OAB-PE promove encontro da advocacia pública
04/06/2012

O auditório da OAB-PE recebeu, na última sexta-feira (01/06), o encontro da advocacia pública que debateu os reflexos da reforma do Código de Processo Civil para a Fazenda Pública e a Proposta de Emenda à Constituição nº 017/2012. O encontro foi promovido pela Comissão de Advocacia Pública. O presidente da OAB-PE, Henrique Mariano, abriu o encontro dando as boas vindas aos vários advogados presentes no auditório. “A OAB-PE sente-se feliz com a participação da advocacia pública nesta casa. Temos empreendido em nossa gestão vários esforços no sentido de mostrar que a Ordem é a casa do advogado, seja ele público ou particular. A OAB é uma instituição plural, que defende os interesses de todos os nossos advogados”, afirmou o presidente da entidade.
Também no encontro o presidente da Comissão Estadual de Advocacia Pública da OAB-PE, Gustavo Carvalho; o conselheiro federal Pedro Henrique Reynaldo Alves; o conselheiro seccional Raimundo Menezes; o presidente da associação de procuradores municipais de Jaboatão, Luiz Keherle; o presidente da associação de procuradores municipais de Olinda, Ricardo Marques; o presidente da associação de procuradores municipais do Recife, Bruno Cunha; a delegada da União Nacional da Advocacia, Suzana Times; o representante da Associação Nacional dos Advogados da União, Fábio Gonçalves; o representante do Sindicato Nacional dos Procuradores da Fazenda Nacional, João Paulo Cavalcanti; e representando a Associação dos Procuradores do Estado, Fred Carvalho.
No encontro, Mariano também lembrou a baixa remuneração dos defensores públicos do Estado: “Infelizmente, se comparada a de outros estados, a Defensoria Pública de Pernambuco ainda é considerada a pior. O salário que os defensores públicos de Pernambuco ganham são incompatíveis com a importância da atividade profissional de um defensor”, concluiu o presidente.
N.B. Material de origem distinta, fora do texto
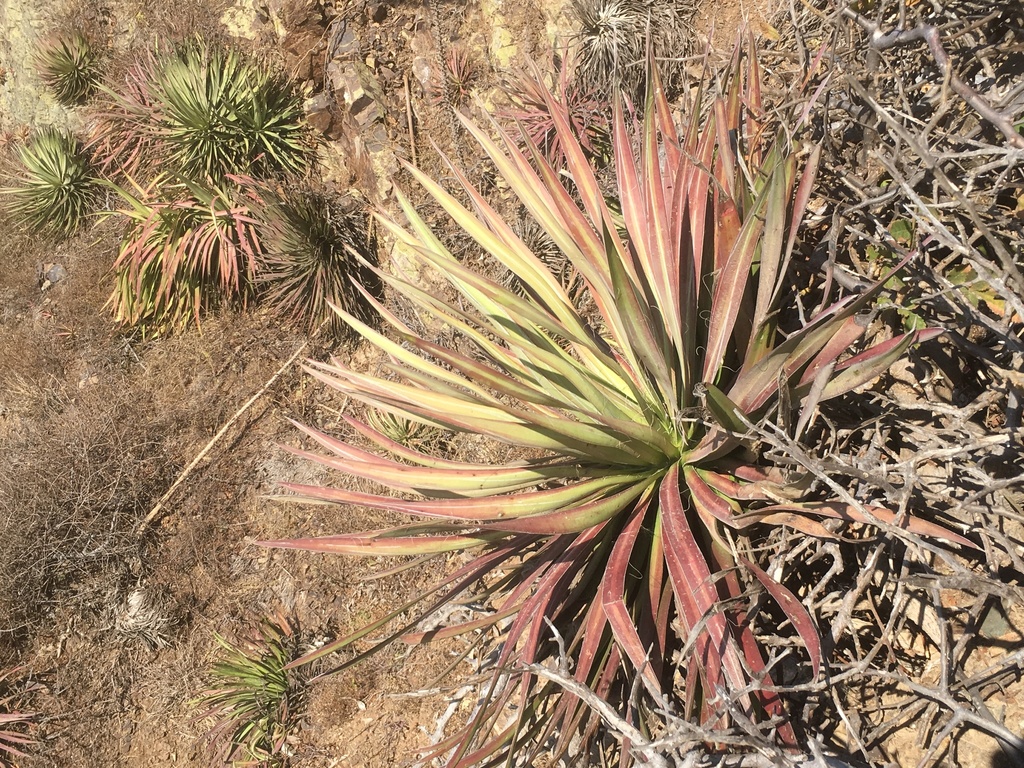 Agave ortgiesiana
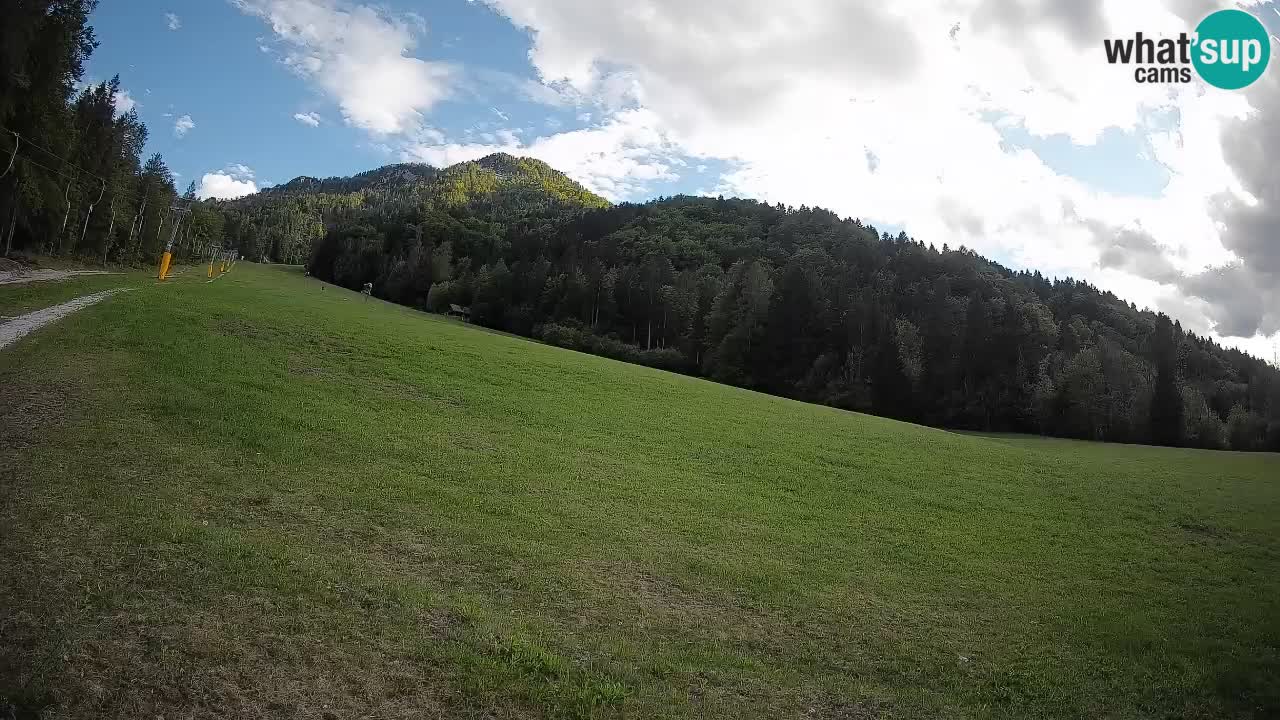 Kranjska Gora Station de ski | Brsnina
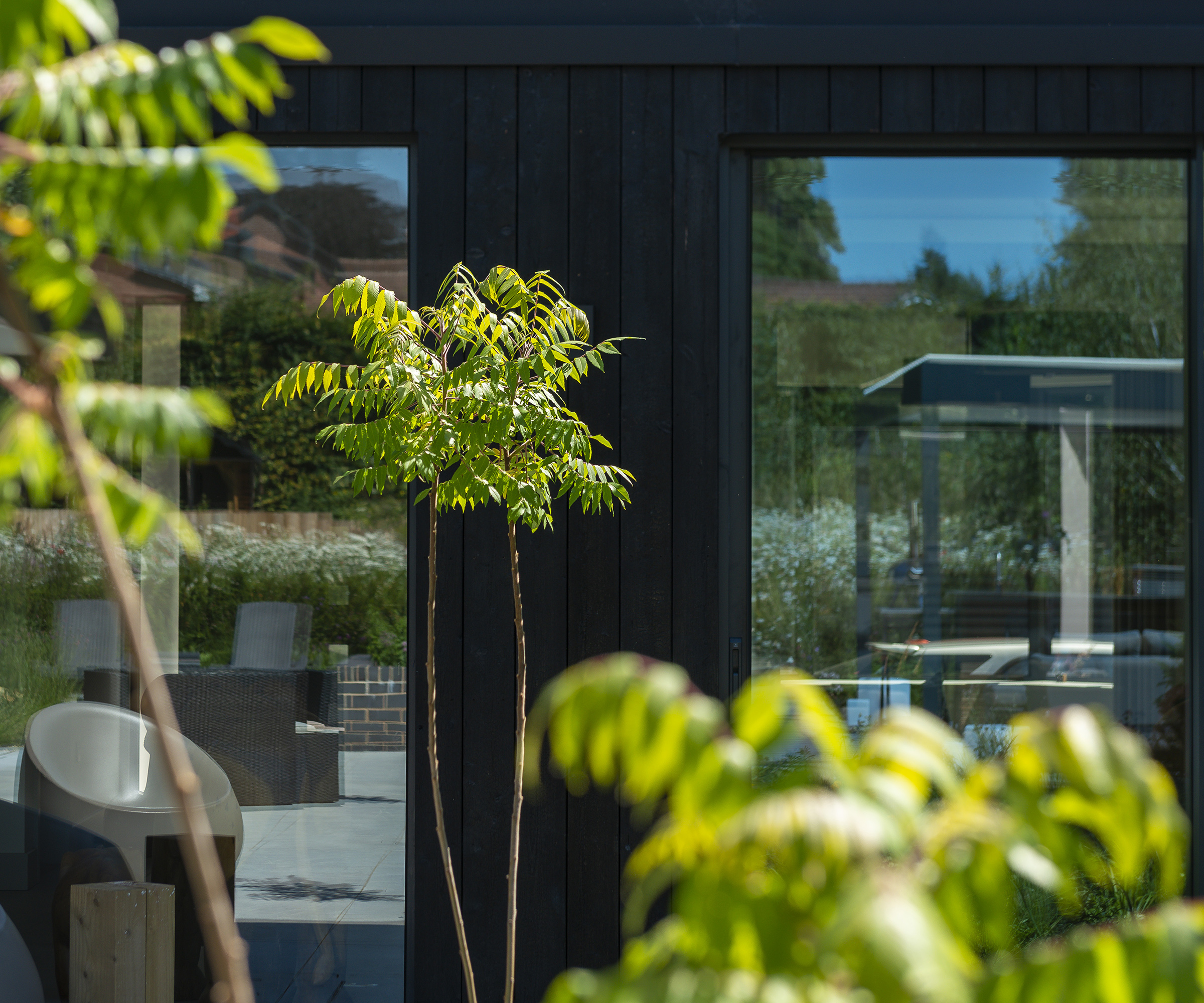 Tropical fern/palm plants growing in a garden in front of an extension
A OAB-PE também ratificou a moção de aplauso à mobilização dos Advogados Públicos Federais aprovada na última sessão do Conselho Federal da OAB. “Corroboramos com a posição da OAB Nacional, visto que os advogados públicos federais exercem um papel fundamental no combate aos já conhecidos problemas existentes na administração pública”, conclui o presidente da OAB-PE
Veja abaixo a nota do Conselho Federal sobre o tema
OAB Nacional aprova moção de aplauso à mobilização dos Advogados Públicos Federais
O Presidente da OAB Nacional se manifestou, esta semana, favoravelmente às mobilizações promovidas pela UNAFE e pelo Forum. A pedido e em nome da Delegação da OAB-CE, Ophir Cavalcante, Presidente da OAB Nacional, aprovou moção de aplauso à mobilização das carreiras da AGU por melhores condições de trabalho.
A moção foi aprovada em sessão realizada no último dia 7 de maio, “pelo Movimento de Mobilização Nacional da Advocacia Pública, que promoverá atos e assembleias em todo o País para discussão dos rumos das negociações sobre melhores condições de trabalho”.
Os Advogados Públicos Federais têm realizado diversas mobilizações para cobrar do chefe da Instituição a solução para a sobrecarga de trabalho, a falta de carreira de apoio, o preenchimento de cargos efetivos vagos em todas as carreiras da AGU, a precariedade das estruturas físicas e do funcionamento dos sistemas de informática, entre outras carências básicas ao regular exercício de suas funções.
Esse atual quadro de sucateamento administrativo da AGU, aliado à concepção de Advocacia de Governo defendida pelo atual Chefe da Instituição, representam um atentado ao Estado Democrático de Direito e põem em risco a existência da própria Advocacia-Geral da União na forma em que foi concebida pela Constituição de 1988, fomentando ainda mais o aviltamento das prerrogativas dos Advogados Públicos Federais e a expressiva evasão de membros para outras carreiras públicas.
As entidades da Advocacia Pública Federal criticaram publicamente essa concepção, que está clara no projeto de Lei Orgânica elaborado pela AGU e que será encaminhado ao Congresso Nacional. Em Nota Pública, divulgada no dia 17 de maio, as entidades destacaram: “O suposto projeto veio ao conhecimento dos membros da AGU por uma obra do acaso, oportunidade em que se verificou que traz dispositivos que atentam contra a concepção da Advocacia Pública de Estado, principalmente por autorizar a ocupação dos cargos jurídicos da AGU por pessoas de fora das carreiras, não aprovadas em prévio concurso público, e por eliminar a independência técnica dos Advogados Públicos Federais na emissão dos pareceres, ao legalizar a extração de opiniões técnicas discordantes do superior hierárquico, que sequer têm a obrigação de integrar a carreira mediante concurso público”.